At one time, where one stood on the political spectrum depended on one’s position on the questions of political, social, and economic equality, on a national and international level. Leftists favored greater equality; conservatives liked the status quo; and reactionaries, including Qatari monarchs, agitated for a return to a world of ascriptive hierarchies based on class, gender and race. The methods political actors used to achieve their goals could be judged as acceptable or deplorable on moral or instrumental grounds, but it was understood that the methods used were not intrinsic to the goals sought.

It was also understood that the circumstances constrained the methods. The methods available to advance a struggle toward growing equality, for example, or in defense of it, differed depending on the strength of the opposition; the likelihood it would yield to violence versus moral suasion; the degree to which supporters could be galvanized to fight and their tolerance for sacrifice, and so on. One could find the methods disagreeable, but if so, there was an expectation that one would suggest realistic alternatives.

Hasan has turned the distinction between goals and methods on its head. In Hasan’s view, leftists are defined not by what they’re trying to achieve, but by the methods they use. Torture, dictatorship, abridgement of civil liberties, warfare that produces collateral civilian casualties—all these things, according to Hasan, are signs of a contra-left political orientation. Thus, he argues, with illogic, that “Bashar al-Assad is not an anti-imperialist of any kind, nor is he a secular bulwark against jihadism; he is a mass murderer, plain and simple.” The illogic is evident in the false dichotomy that lies at the center of his argument. Mass murderer (if indeed Assad can be so characterized) does not exclude anti-imperialist and secular bulwark against jihadism; but in Hasan’s world, mass murderer and secular anti-imperialist are mutually exclusive. They are so to Hasan, because he has transfigured Leftism into the concept of avoiding all choices that have potentially awful consequences.

The beautiful soul retreats from the political struggles of the real world into impotent moral posturing, where no choices are ever made, because the consequences of all choices are awful to one degree or another. Success, then, in any political struggle is transformed from acting on the world to change it into avoiding any step that might have terrible consequences—a recipe for impotence, paralysis and failure. To the beautiful soul, the only leftist political movement that is worthy of support is the one that fails, never the one that comes to power and implements its political program and fights to overcome opposition to it.
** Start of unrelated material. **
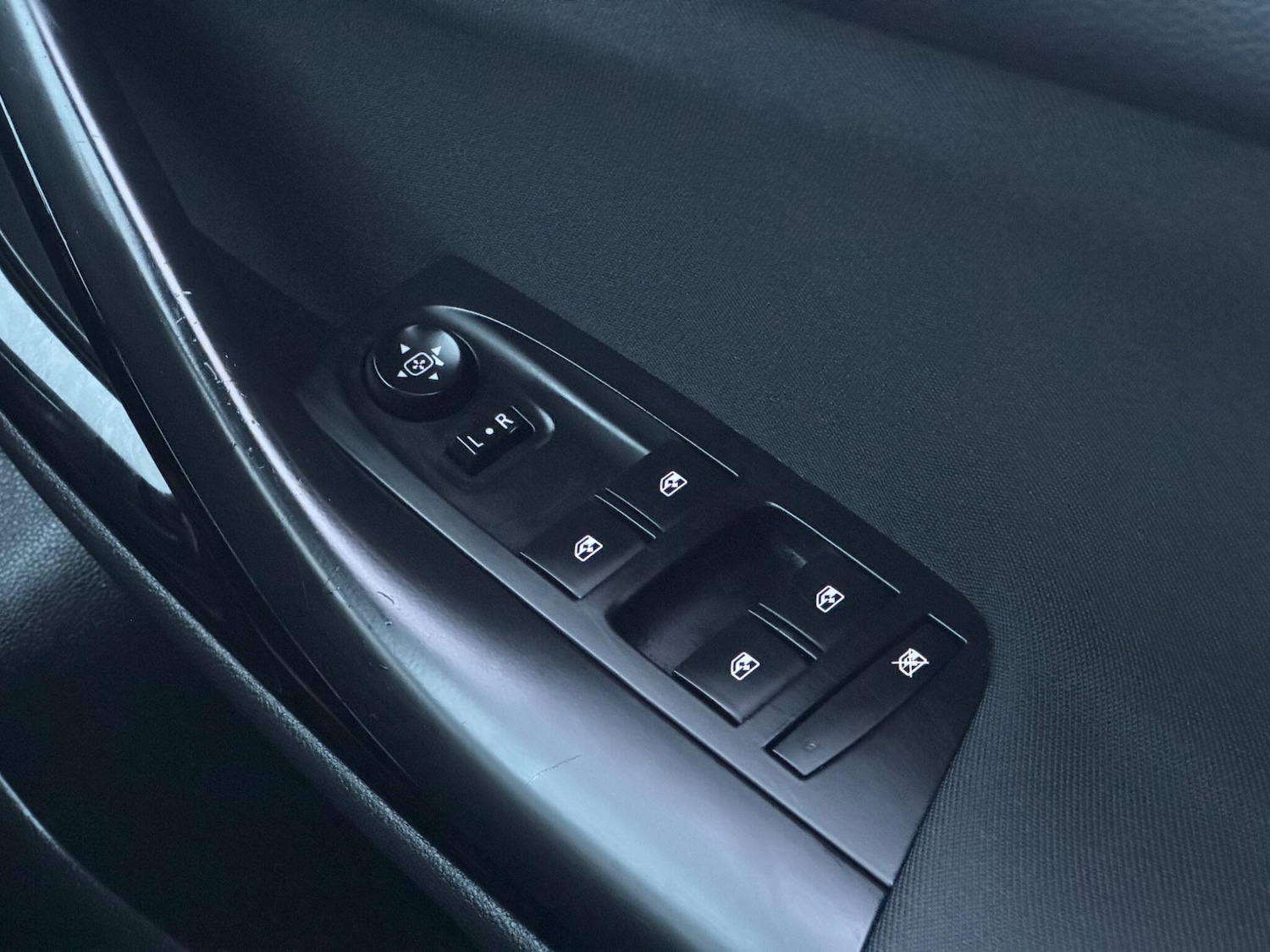 Used Vauxhall Astra 2016 for sale - 77237649: Photo 39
To Hasan, the Syrian State’s position on the political spectrum is unrelated to its goals: overcoming sectarian and other divisions in the Arab world, safeguarding Syria’s political independence, and achieving economic sovereignty. Nor does it matter that Damascus is engaged in a struggle against (to use Hasan’s own words) “rapacious U.S. foreign policy”, “Saudi-inspired extremism” and “Israeli opportunism”—in other words, the aggression of conservative and reactionary forces that are more powerful individually to say nothing of collectively than the Syrian State by many orders of magnitude. To the Mahatma, all of these considerations are irrelevant, and all that matters in the evaluation of Assad’s political orientation is whether the methods Damascus has used to defend the gains it has made in the direction of asserting its right to equality and sovereignty are methods that that are suitable to a State in periods of stability, normalcy and safety. It’s as if what Hasan deplores about a war cabinet, for example, is not the war that made the war cabinet necessary, but the very fact that a war cabinet was created in response to it, as if carrying on in the regular manner could somehow make the war go away.
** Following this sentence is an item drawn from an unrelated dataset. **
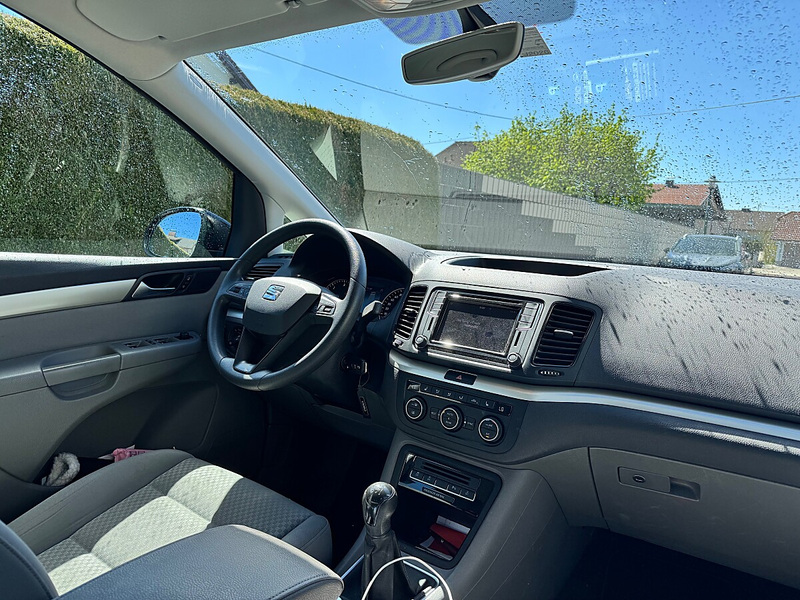 SEAT Alhambra — photo 5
Yet what alternatives might the Syrian government have adopted to face the crisis and emergency that rapacious US foreign policy, Saudi-inspired extremism, and Israeli opportunism inflicted upon it? Even the US constitution makes provision for concentration of authority in the executive branch and abridgement of political and civil liberties under conditions of internal rebellion and threatened invasion. From the mid-1960s forward, if not earlier, Syria has faced permanent crisis and emergency, including an ongoing official state of war with Israel, foreign occupation of its territory (now by the United States and Turkey in addition to Israel), and the fostering of internal rebellion by Western states with imperial ambitions—comparable conditions to those which the architects of the US constitution envisaged would require extraordinary powers for US presidents. Are not comparable powers required for a Syrian president? Any realistic assessment of the challenges Syria faces leads inevitably to the conclusion that harsh and quite disagreeable measures are called for if the Leftist project of defending the equality and sovereignty of Syria within the international network of States is to be achieved against the determined opposition of “rapacious U.S. foreign policy,” “Saudi-inspired extremism” and “Israeli opportunism.”
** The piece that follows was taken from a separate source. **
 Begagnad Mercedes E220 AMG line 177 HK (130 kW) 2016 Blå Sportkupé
So, faced with these enormous challenges, what should Assad do? Whatever it is, Hasan can’t say. The best The Intercept writer can do is demand: “Is it the only way you know how to oppose” US, Saudi and Israeli aggression? Well, it does, indeed, appear to be the only way the Syrian government knows how to resist forces many times stronger than itself. But if not this way, then what way? “Should we shoot balloons at the opposition?” Assad once asked another beautiful soul.

In the war against the Axis states, the Allies used torture, summary executions, indiscriminate bombing, confinement of civilians to concentration camps, encroachments on civil liberties, concentration of power in the executive branch, and worse. These methods were clearly disagreeable. And yet, they were the methods chosen to overcome fascism.

It would be wrong to denounce the anti-fascist war as deplorable because some, or indeed many, of its methods, were distasteful–from the virtual dictatorships exercised in Britain and the United States, to the abuse, torture and summary executions of Axis prisoners of war, to sieges and the starving of civilians. And was the Allied countries’ refusal to guarantee the rights of assembly and free expression of Nazi and fascist supporters to be condemned as a human rights violation? Every accusation Hasan makes against Assad he can equally make against Roosevelt’s and Churchill’s conduct in WWII. Curiously (or predictably) he doesn’t, choosing instead to direct his venom at the duo’s ally, Stalin, the only one of the three whose goals were authentically leftist.

The beautiful soul is not of this world. The options available to people who achieve real gains in real world political struggles are rarely simple, and are often ugly and disagreeable to one degree or another. The beautiful soul removes himself from the real world of politics, like the monk retreating from the world into his cell, and thereby avoids having to make choices whose consequences may be regrettable. His politics revolve around denunciations of the choices made by people who act on the world to change it. Few would contest that Hitler’s Nazism, Mussolini’s fascism, and Tojo’s militarism, could have been overcome except by recourse to violence, with all its ugly outcomes, though we can imagine Hasan, the Mahatma, demanding of Roosevelt, Churchill and Stalin: “Is war the only way you know how to oppose rapacious Nazism, or Japanese imperialism of Mussolini’s opportunism?” We can also imagine him thundering that “Roosevelt is not an anti-fascist of any kind; he is a mass murderer, plain and simple.”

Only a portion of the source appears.